We love old games here on Retronauts, but there's no denying that some of them are just plain lousy. And then there are the games whose lousiness has taken on a life of its own, whose reputation for awfulness precedes them. Deadly Towers is one such game. It's so bad, it turns out, that it's notorious for being... worse than it actually is?
Deadly Towers (a Lenar/Irem/Brøderbund joint) was a mess of a game, full of useless content and riddled with hateful design choices. Underneath its patina of inadequacy, however, the game was trying to do something ambitious. It failed completely, but in the grand scheme of things it's hard to hate a game that aims high and falls desperately short more than you hate a game that doesn't even bother to make the effort and still turns out to be rubbish. Deadly Towers is not good, but by god, it tried.

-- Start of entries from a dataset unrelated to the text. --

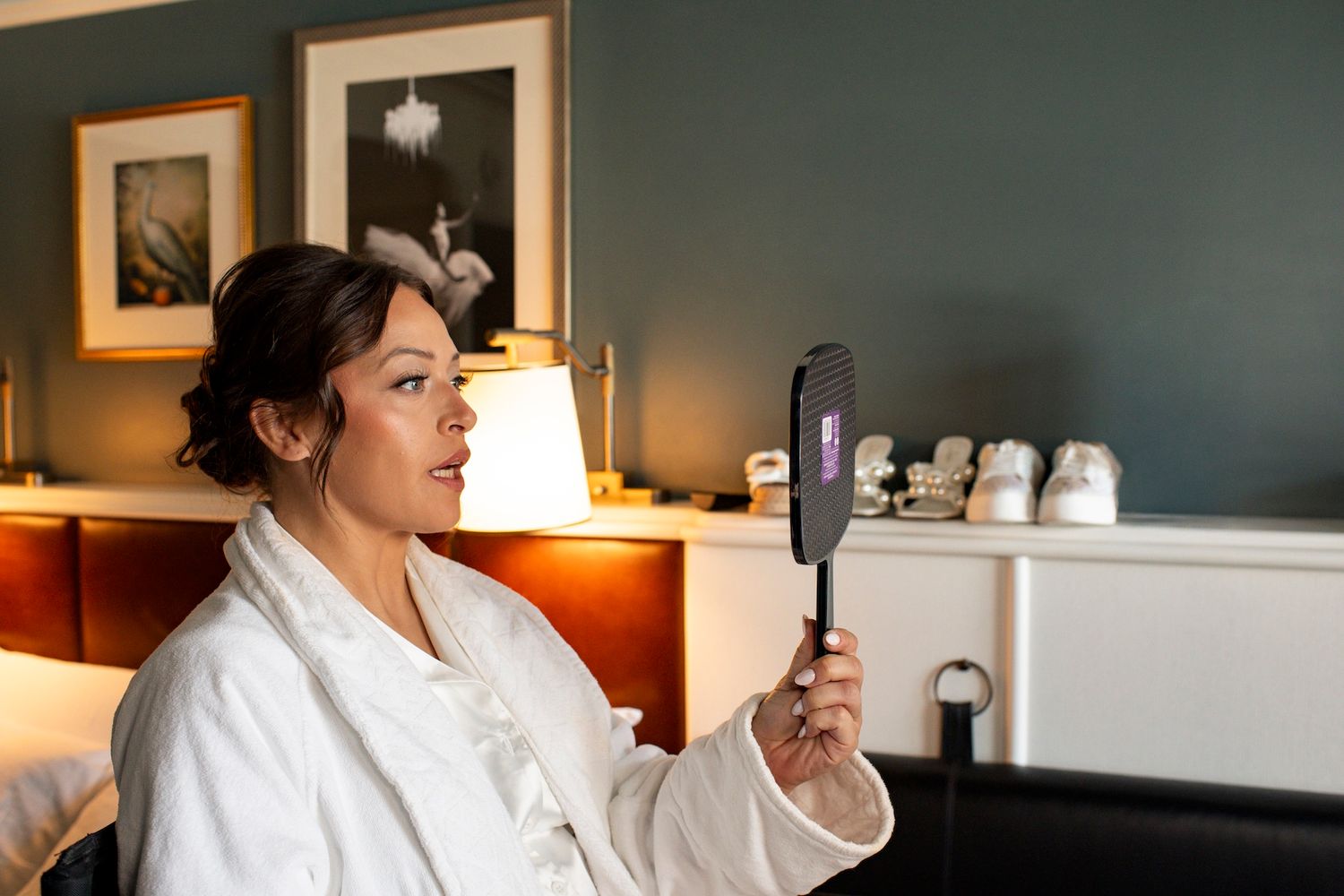 A person wearing a white bathrobe looks at their phone while relaxing in a cozy hotel room with warm lighting.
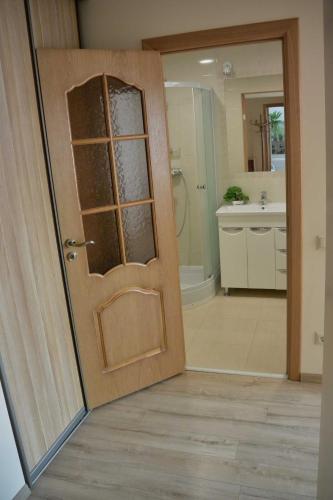 a bathroom with a wooden door and a sink at Dzintari in Liepāja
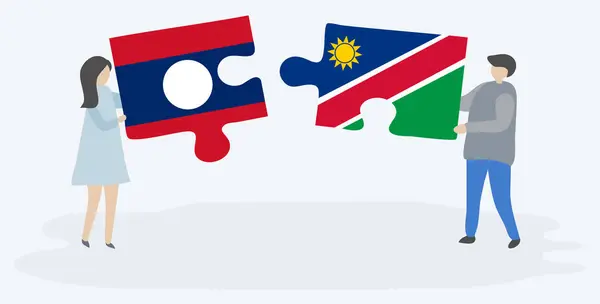 Pareja Sosteniendo Dos Piezas Rompecabezas Con Banderas Lao Namibia Laos — Vector de stock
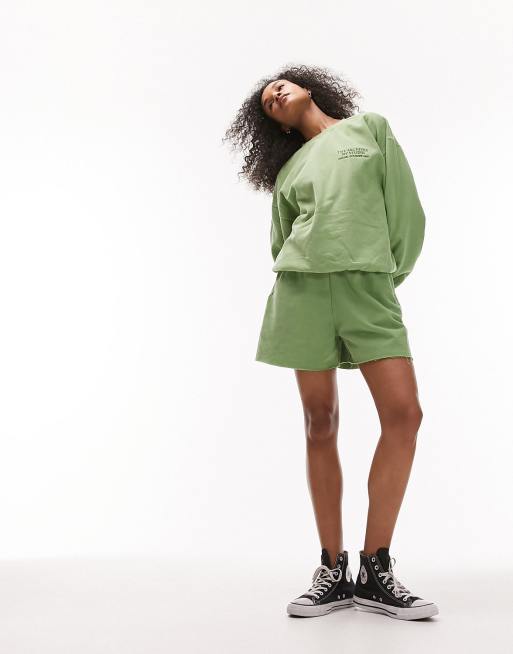 Topshop vintage wash raw hem trackie shorts in green (part of a set)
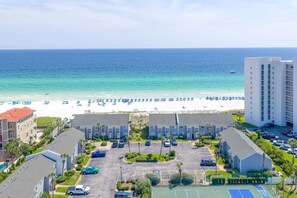 A beachfront hotel with a parking lot, a tennis court, and a view of the ocean.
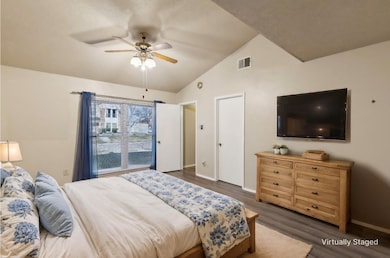 This spacious primary suite has a HUGE closet and 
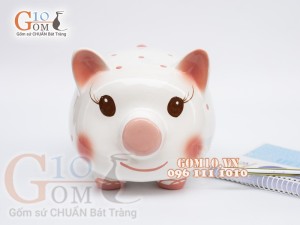Heo sứ tiết kiệm màu trắng chấm bi hồng dài 21cm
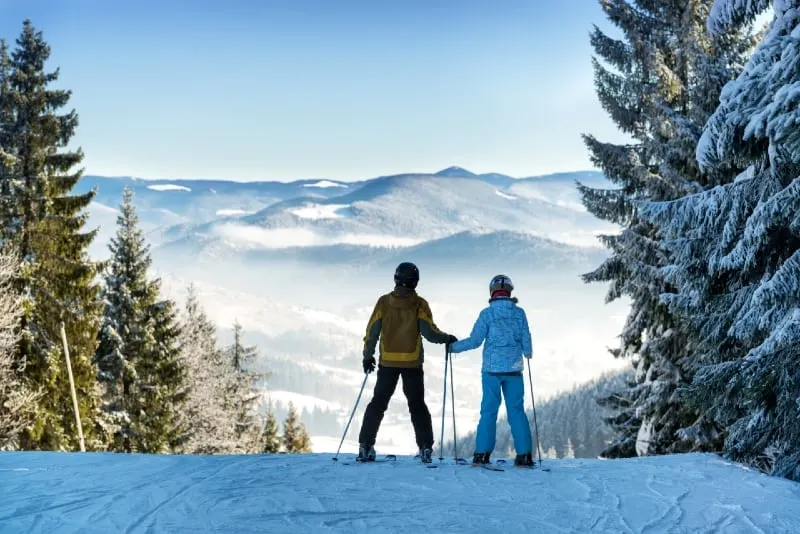 man and woman holding hands while skiing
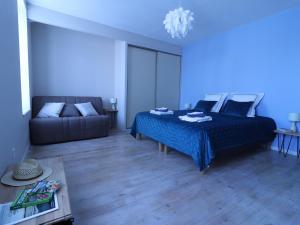 Llit o llits en una habitació de Le colibri bleu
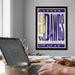 a framed poster of the University of Washington's "Go DAWG'S" team on the wall, with a laptop and desk in the foreground.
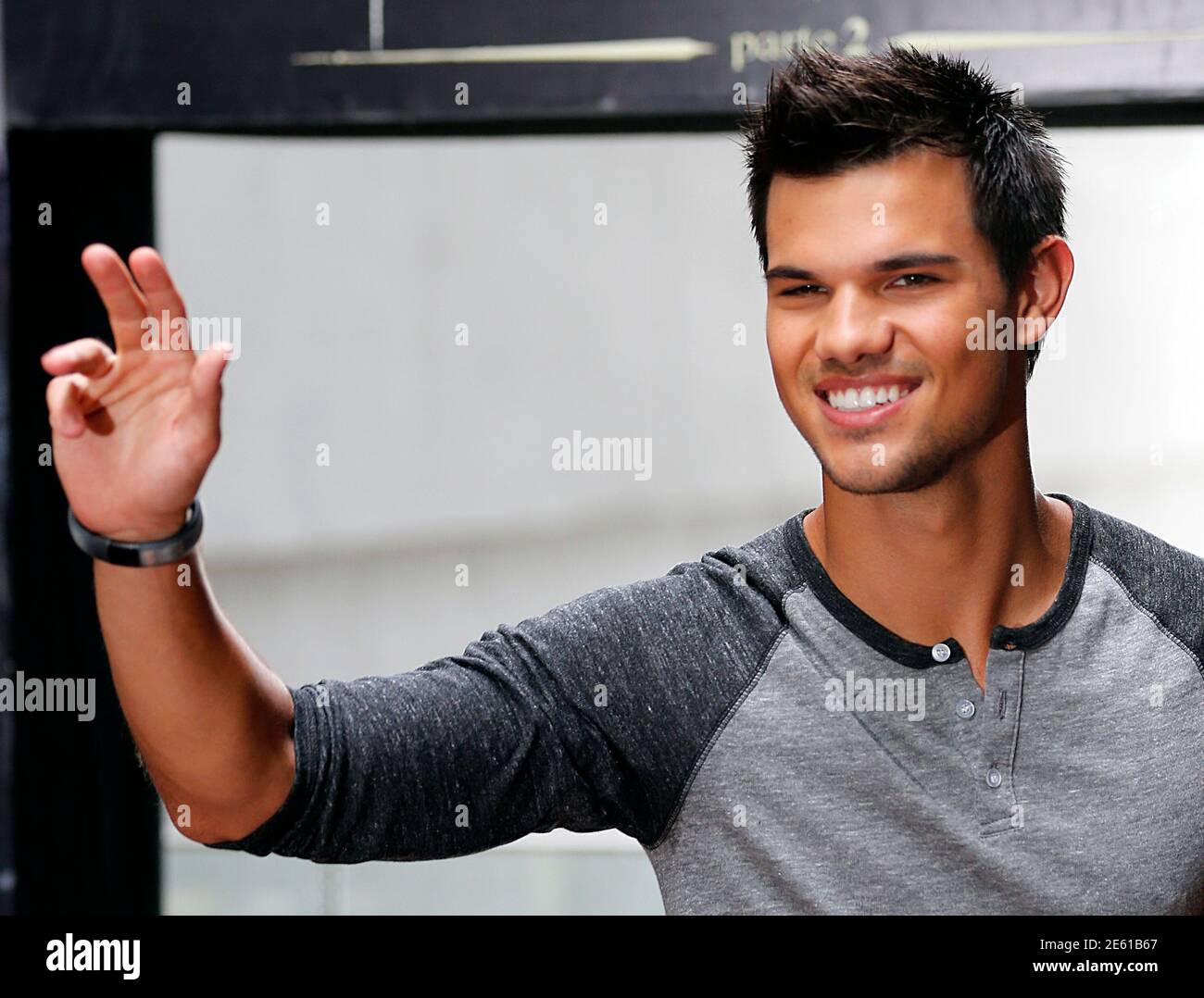 U.S. actor Taylor Lautner leaves a photocall of the film 'A saga crepusculo: Amanhecer' (The Twilight Saga - Breaking Dawn) in Rio de Janeiro October 24, 2012. REUTERS/Sergio Moraes (BRAZIL - Tags: ENTERTAINMENT) Stock Photo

So this episode is partially a retrospective on Deadly Towers, but it's also an overview of the factors that led to the game developing such a scathing reputation among NES fans. We look back at the early days of the retrogaming World Wide Web, to the works of one Seanbaby, who was looking back at the NES in retrospection back when you could still buy the system and its games brand-new at retail. Seanbaby's punchy jokes about Deadly Towers bring NES Works into a new aspect of video game history: The intersection between the internet, the impact of a highly visible opinion, and the way collective consensus can form around a memorable perspective.
As for Deadly Towers, it's not good or fun, but I'd still argue that it's a game worth experiencing (maybe with some cheat codes active) to get a sense of how big and bold old games could be. And how hard they sometimes fell flat on their faces.